National FFA week presents the public an opportunity to not only become acquainted with national agriculture efforts but recognize the efforts of the youth in the local agriculture industry. While many locals are familiar with seeing the blue FFA jackets near the animal showing pens at the Stanislaus County Fair, these students work year-round to support and expand the agriculture industry. With topics ranging from animal showings to floral arrangements, dairy products identification to public speaking, FFA offers something for everyone. During National FFA Week chapters across the country host events pertaining to agricultural education and the students of Pitman High School and Turlock High School are no exception.

Turlock High School hosted lunchtime activities on Thursday that included pitting faculty against students in welding, wood shop and floral arrangement activities. The FFA week not only provides THS the opportunity to allow uninvolved students and faculty to become acquainted with the happenings of the agriculture industry, but also allows FFA students to showcase the organization that has served as a backbone of their education for years. 

Pitman High School will be holding their FFA festivities on Tuesday.

“FFA and the ag industry has been a huge part of my life. It has taught me leadership skills, helped me with public speaking and provided me with so many opportunities,” said Makenzie Neves, a junior and current secretary of the THS FFA chapter. 

Evident by its motto of “Learning to do, doing to learn, earning to live and living to serve,” FFA offers students more than an afterschool activity: it lays a foundation for a career path.

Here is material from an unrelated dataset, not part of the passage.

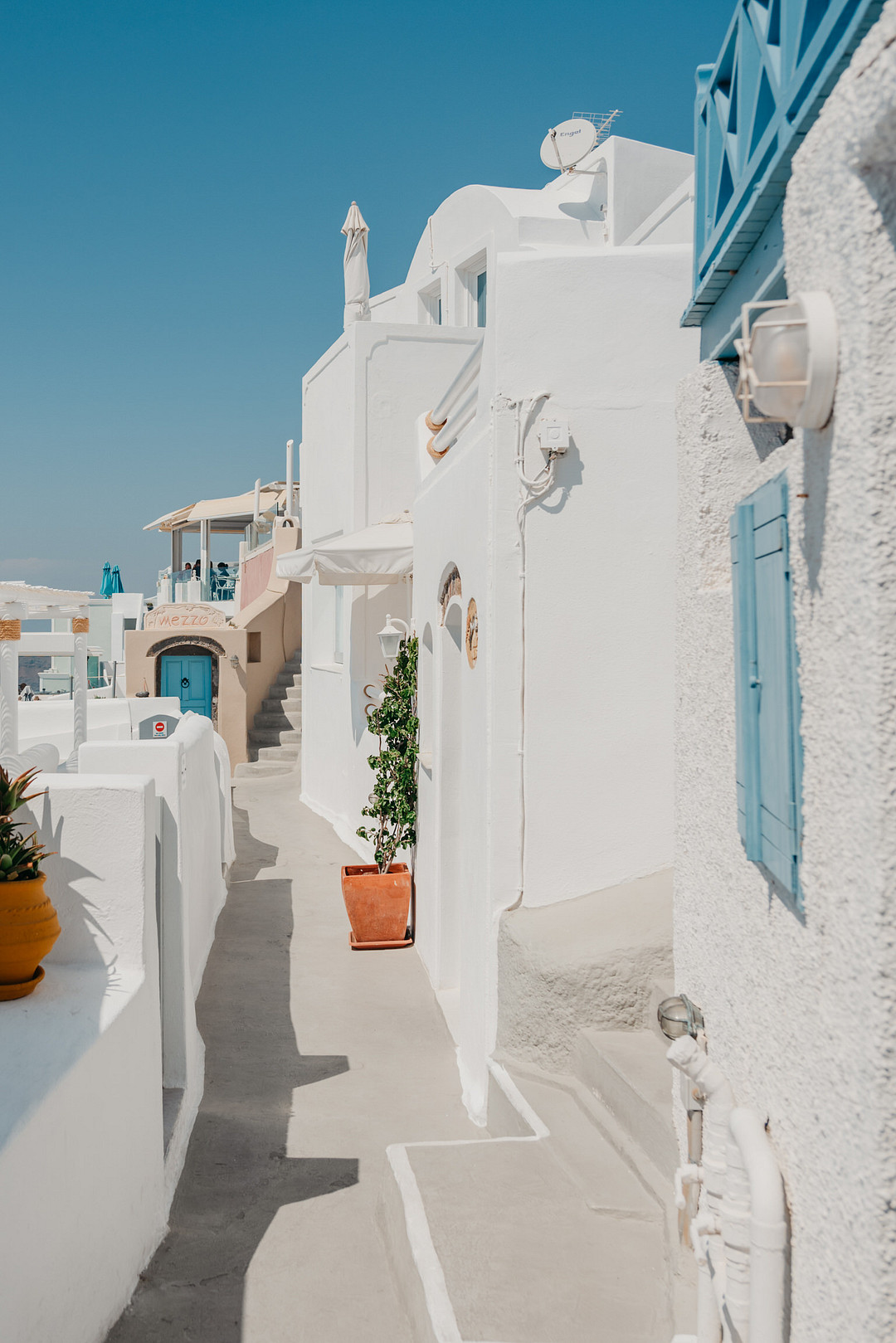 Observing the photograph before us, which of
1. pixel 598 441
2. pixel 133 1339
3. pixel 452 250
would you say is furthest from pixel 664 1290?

“FFA keeps you busy during the years with showings and competitions and in the summer there are a lot of job opportunities. With the experience you get by the time you graduate you can really have a career and not just a job,” said Travis Alexander, a second year Pitman FFA member.

The local chapters are currently preparing for their showing season, which includes competitions in farm power or tractors and machinery, dairy product identifications, floral arrangements, animal showings of cattle, hogs, sheep, poultry and more. The hands-on approach to learning not only builds character in students, it motivates them to take charge of other areas of their life.

“FFA has really helped make me a well-rounded student,” said Pitman student Mckenze Darche.